Texas A&M organic chemist Dr. Kevin Burgess' precision efforts to make chemistry more efficient are making a difference for industries spanning the gamut of medicinal research and pharmacology. (Photo by Jim Lyle / Courtesy of Texas A&M Foundation.)


In the fast-paced, high-stakes realm of research and development, it's the little things that figure big into every breakthrough.

Texas A&M University chemist Dr. Kevin Burgess makes an impact best measured in increments -- minute markers in a career dedicated to getting the approach to his science right. For Burgess, relevant academic research is the name of the game, and after 20 years at the crossroads of synthetic and biological chemistry, everything's adding up, both for chemical discoveries and big-picture science.

Seeds of Success

A non-traditionalist on a campus steeped in it, Burgess has emerged as one of the most innovative and influential organic chemists of his generation via important contributions in several areas that transcend traditional chemical research.

"Eventually, I would like to say I've helped to make the process of drug design easier and to integrate organic chemistry into biotechnology, even if it's just incrementally so," he said. "I really don't care about what I've accomplished so far; I care more about what we're going to do."

From new laboratory space and enterprising ventures to critical funding and the right campus collaborations, it's all falling into place for Burgess, who joined the Texas A&M faculty in 1992 and has served since 2004 as the inaugural holder of the Rachal Chair in Chemistry. The chair was endowed with a gift from the Corpus Christi-based Ed Rachal Foundation -- created by an endowment from Ed Rachal's will to benefit charitable, scientific, literary or educational purposes in the state of Texas -- in combination with contributions from other donors.

Burgess' life's work involves making chemistry more efficient for industries that span the gamut of medicinal research and pharmacology. He designs compounds, dubbed "Frankenstein molecules," to disrupt protein-protein interactions that impact a host of diseases, including cancer, diabetes and neurological disorders. In addition, he is developing new fluorescent dyes to monitor these disruptions, paving the way for potential spectroscopic imaging tools useful in cell biology and pharmaceutically related areas.

Collaborating with Dr. Lisa Perez of the Texas A&M Laboratory for Molecular Simulation and Professor Tom Ioerger in the Department of Computer Science and Engineering, Burgess is developing a computational approach to aid the process of finding small molecules that will disrupt protein-protein inter actions. These molecules could then guide toxic or imaging agents to tumors, resulting in big possibilities in medicine as well as fundamental research.

"Related to that, I have an interest in fluorescent dyes that can be used to tag proteins so that when they do interact with themselves, we can study these interactions to learn additional information about the overall process and potential," Burgess said. "I'm very excited about my collaboration with Tom and Lisa, which looks promising.
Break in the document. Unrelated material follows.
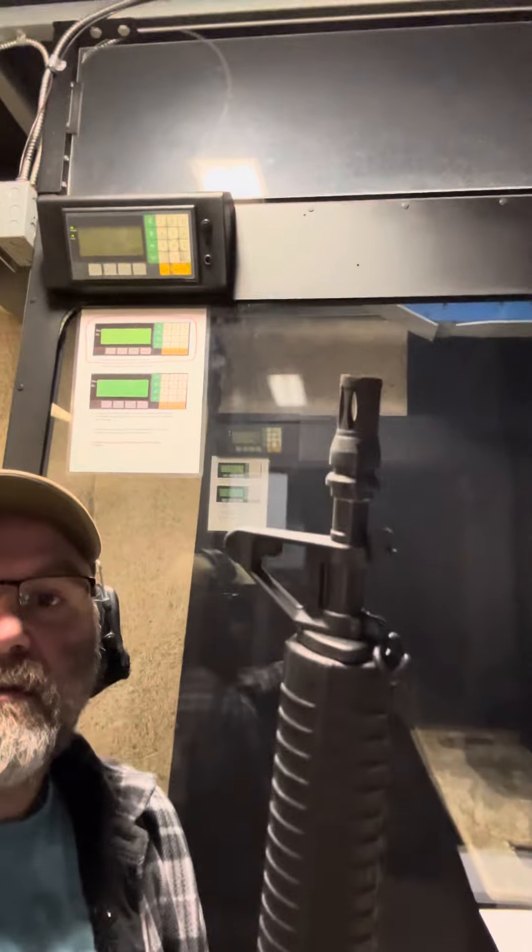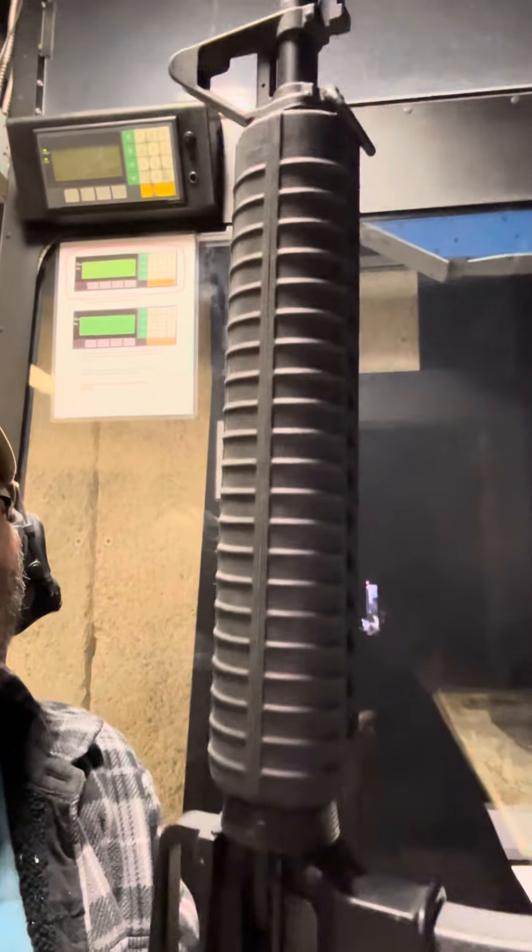Morning folks, we got this Palmetto State Armory, it's called a Dissipator. I don't know if you guys are familiar with it — there's tons of stuff on the internet about it — but basically it's a 16-inch gun with a rifle-length handguard.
I feel like we're close to something that will keep us doing good research for a long time."

Detailed by Design

In a competitive world in which researchers sometimes make improbable claims and predictions for the sake of applied marketability or increased funding, Burgess remains a rare bird in his dogged adherence to accuracy and pure love of the game (versus reaping its rewards). The application of his research is difficult to pin down because for Burgess, both the devil and due credit lie in the details.

"I don't want to overstate the case and have people think that what we're doing is curing diseases like cancer," he said. "What we are doing is just a tiny part of what goes on in this area, and it impacts early stage development [of drug design] the most."

Burgess credits his international recognition to many factors, from exceptional students and research colleagues to the unparalleled resources and collegial support he believes epitomize Texas A&M.

"It's a huge campus, so there are many opportunities to collaborate with people who have different skills," Burgess said. "In the chemistry department, we have a good supply of talented graduate students and a wonderful infrastructure for doing synthetic organic chemistry supported by computational methods for modeling molecules."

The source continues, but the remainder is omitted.